TASK BRIEF :: Give a verbatim copy of the data, leaving the pictures out.

------------------------

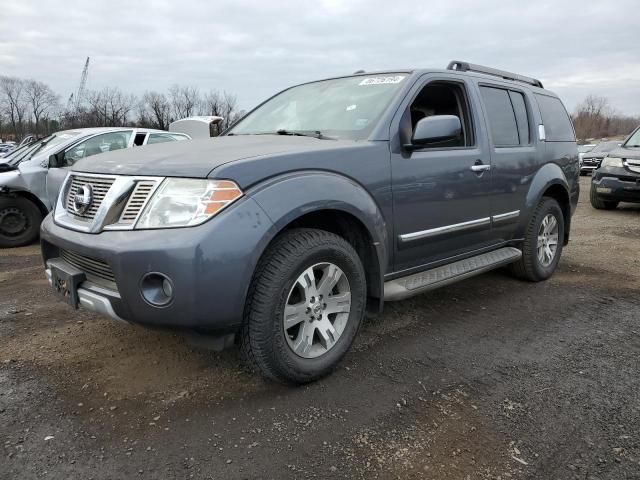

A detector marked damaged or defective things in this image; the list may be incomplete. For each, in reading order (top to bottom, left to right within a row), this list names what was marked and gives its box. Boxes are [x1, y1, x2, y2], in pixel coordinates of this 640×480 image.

damaged vehicle [0, 127, 190, 248]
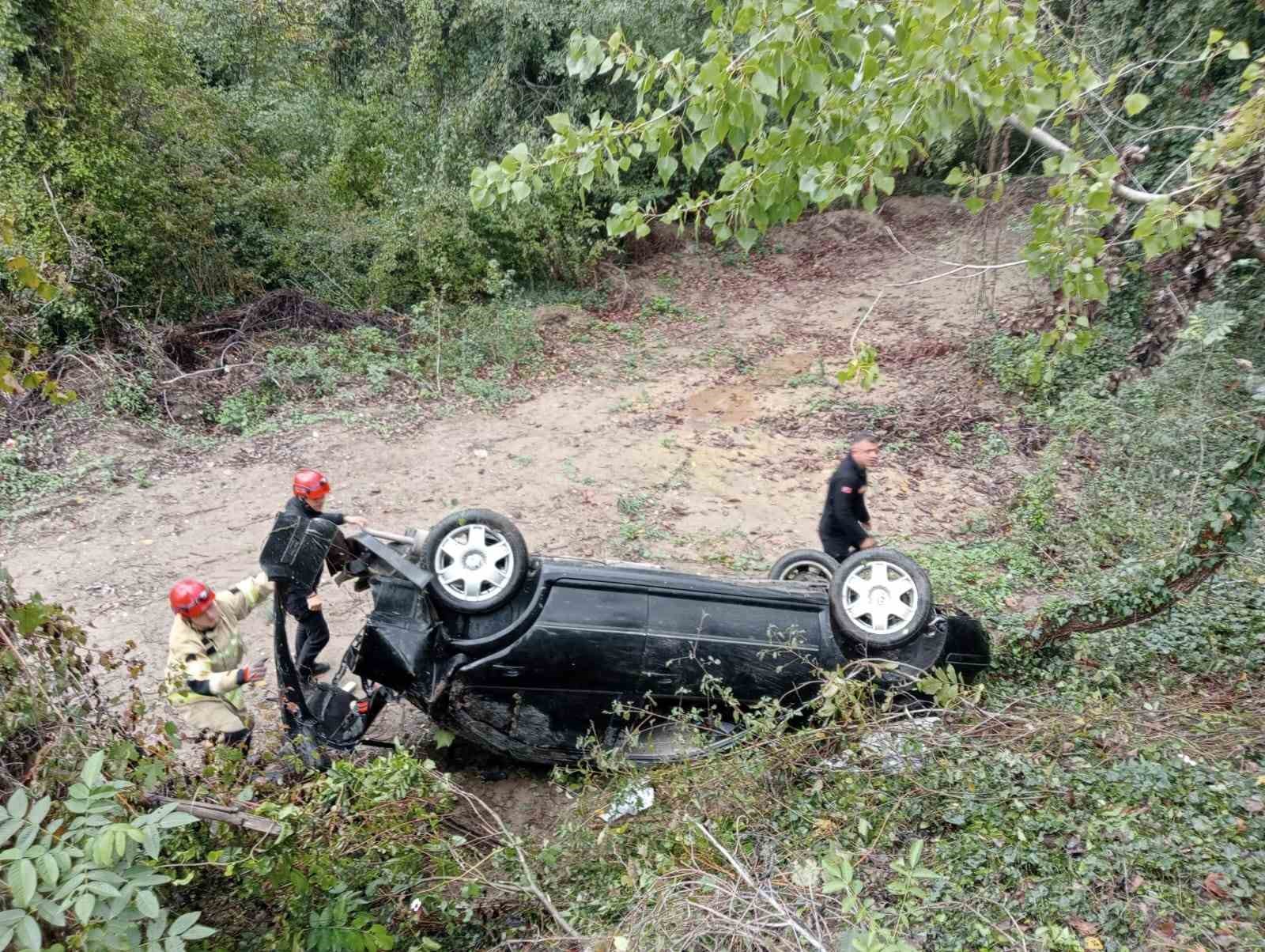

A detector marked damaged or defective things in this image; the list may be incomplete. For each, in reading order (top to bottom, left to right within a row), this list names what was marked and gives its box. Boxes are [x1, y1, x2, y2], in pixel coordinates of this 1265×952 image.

overturned black car [256, 506, 987, 765]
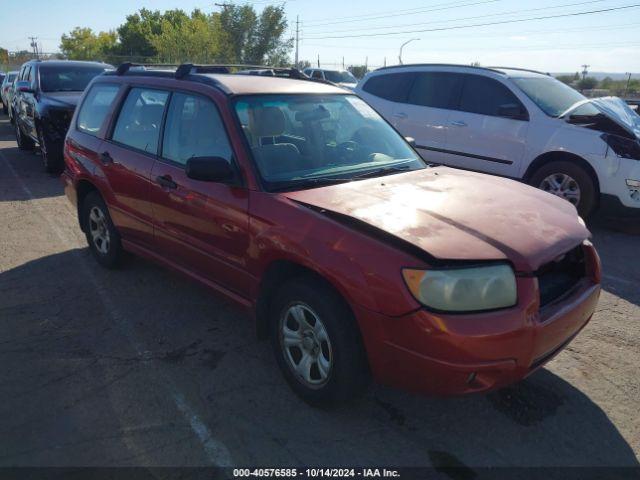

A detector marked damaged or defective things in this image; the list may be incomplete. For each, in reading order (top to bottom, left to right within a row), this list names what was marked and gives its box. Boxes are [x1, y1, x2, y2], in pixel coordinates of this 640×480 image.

rusty hood paint [284, 167, 592, 272]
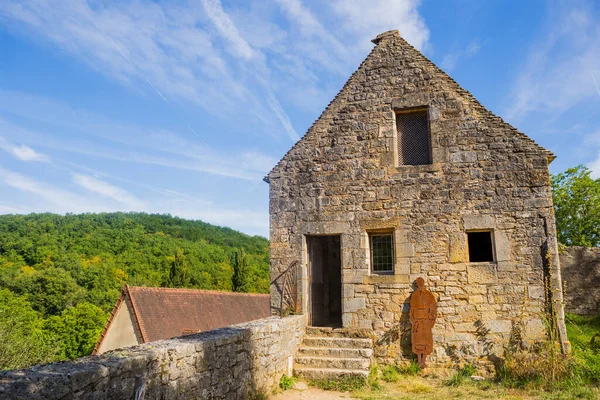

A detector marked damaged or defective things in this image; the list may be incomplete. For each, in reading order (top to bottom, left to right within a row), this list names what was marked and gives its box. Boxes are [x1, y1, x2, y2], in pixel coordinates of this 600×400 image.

rusty metal silhouette figure [408, 278, 436, 368]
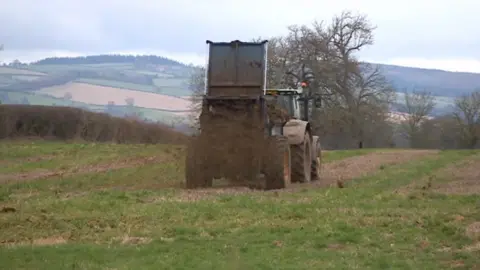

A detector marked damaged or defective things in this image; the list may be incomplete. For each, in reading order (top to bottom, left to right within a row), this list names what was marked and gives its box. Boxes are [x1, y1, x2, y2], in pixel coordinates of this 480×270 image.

rusty metal panel [205, 40, 268, 97]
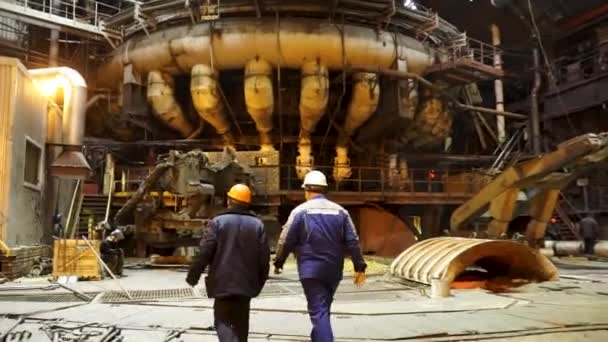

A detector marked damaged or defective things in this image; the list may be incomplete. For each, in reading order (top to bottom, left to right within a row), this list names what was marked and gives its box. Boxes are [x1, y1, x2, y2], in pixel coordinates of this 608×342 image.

rusty metal sheet [392, 238, 560, 284]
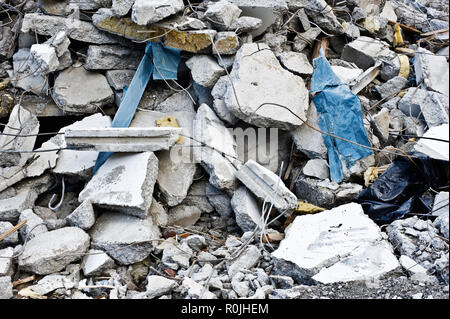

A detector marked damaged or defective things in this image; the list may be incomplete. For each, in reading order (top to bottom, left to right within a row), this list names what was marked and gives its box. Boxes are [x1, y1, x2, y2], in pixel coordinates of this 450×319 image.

broken concrete chunk [21, 13, 118, 44]
broken concrete chunk [131, 0, 184, 25]
broken concrete chunk [207, 0, 244, 30]
broken concrete chunk [52, 67, 114, 114]
broken concrete chunk [84, 44, 141, 70]
broken concrete chunk [185, 54, 225, 87]
broken concrete chunk [225, 43, 310, 131]
broken concrete chunk [278, 53, 312, 77]
broken concrete chunk [414, 47, 450, 97]
broken concrete chunk [192, 105, 237, 194]
broken concrete chunk [79, 152, 158, 218]
broken concrete chunk [236, 160, 298, 215]
broken concrete chunk [18, 209, 47, 241]
broken concrete chunk [18, 228, 90, 276]
broken concrete chunk [65, 201, 96, 231]
broken concrete chunk [81, 249, 115, 276]
broken concrete chunk [89, 211, 161, 266]
broken concrete chunk [230, 188, 262, 232]
broken concrete chunk [272, 204, 400, 284]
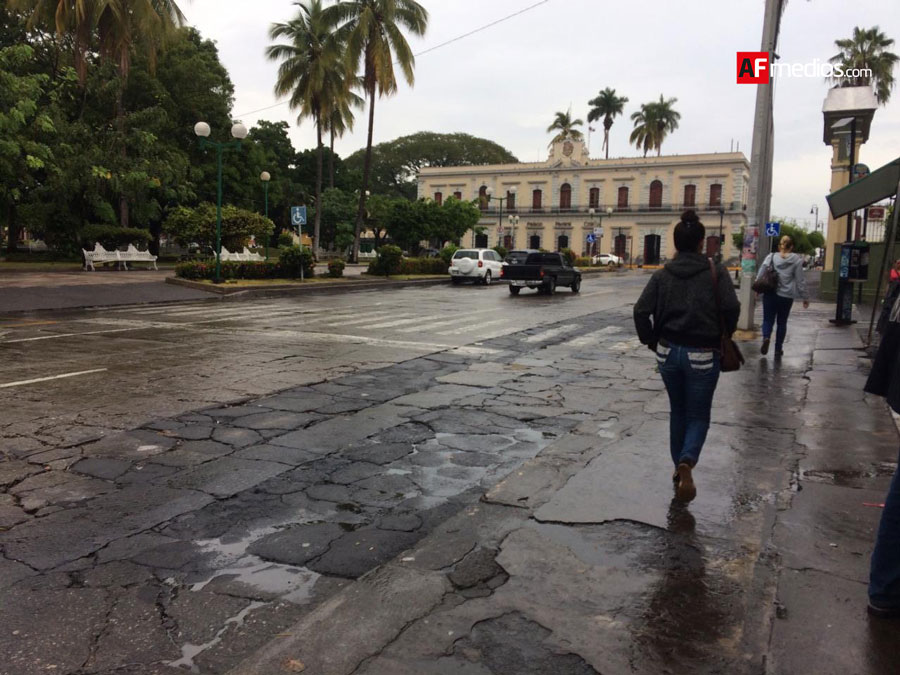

------------------------

TASK ANSWER ::
A detector marked damaged or defective things in this image; the list may be incomplete. For each, in reading order (top to bottom, left to right within a row), this list names what was marked and gives its box. Boxes are [x1, y1, x2, y2], in pixel coordinates of this 640×480 image.

damaged vehicle [0, 127, 190, 248]

A detector marked damaged or defective things in this image; the list may be incomplete. For each, in reading order (top to bottom, left to right within a row), this list names what was marked and gives its box. Boxes are [x1, y1, x2, y2], in pixel coordinates of this 1265×952 image.

overturned black car [256, 506, 987, 765]

A detector marked damaged or defective things in this image; the list may be incomplete. For each, in reading order (top to bottom, left to right within a row), this list names what was marked and gives its box. Boxes are [x1, y1, x2, y2], in pixel coordinates of this 640×480 image.

rusty hood paint [284, 167, 592, 272]

A detector marked damaged or defective things in this image; the list may be incomplete. For each, in reading order (top to bottom, left to right within a row), this list names what was marked and gives its box. Boxes are [x1, y1, x2, y2], in pixel coordinates of this 600×400 image.

rusty metal silhouette figure [408, 278, 436, 368]

A detector marked damaged or defective things in this image; the list may be incomplete. For each, in reading order (top to bottom, left to right within a row), this list names what was marked and gives its box. Boxes are [x1, y1, x2, y2], in pixel coordinates of this 480×270 image.

rusty metal panel [205, 40, 268, 97]

A detector marked damaged or defective things in this image; the list may be incomplete. For each, in reading order (top to bottom, left to right within a row), this list names what was marked and gives its box. Boxes are [x1, y1, x2, y2], in pixel coordinates of this 608×342 image.

rusty metal sheet [392, 238, 560, 284]

A detector marked damaged or defective things in this image; the list may be incomplete. For each, in reading order (top to bottom, left to right within a row), this list names what was marked and gives its box. Boxes are [x1, y1, x2, y2], in pixel coordinates of this 450×319 image.

broken concrete chunk [21, 13, 118, 44]
broken concrete chunk [131, 0, 184, 25]
broken concrete chunk [207, 0, 244, 30]
broken concrete chunk [52, 67, 114, 114]
broken concrete chunk [84, 44, 141, 70]
broken concrete chunk [185, 54, 225, 87]
broken concrete chunk [225, 43, 310, 131]
broken concrete chunk [278, 53, 312, 77]
broken concrete chunk [414, 47, 450, 97]
broken concrete chunk [192, 105, 237, 194]
broken concrete chunk [79, 152, 158, 218]
broken concrete chunk [236, 160, 298, 215]
broken concrete chunk [18, 209, 47, 241]
broken concrete chunk [18, 228, 90, 276]
broken concrete chunk [65, 201, 96, 231]
broken concrete chunk [81, 249, 115, 276]
broken concrete chunk [89, 211, 161, 266]
broken concrete chunk [230, 188, 262, 232]
broken concrete chunk [272, 204, 400, 284]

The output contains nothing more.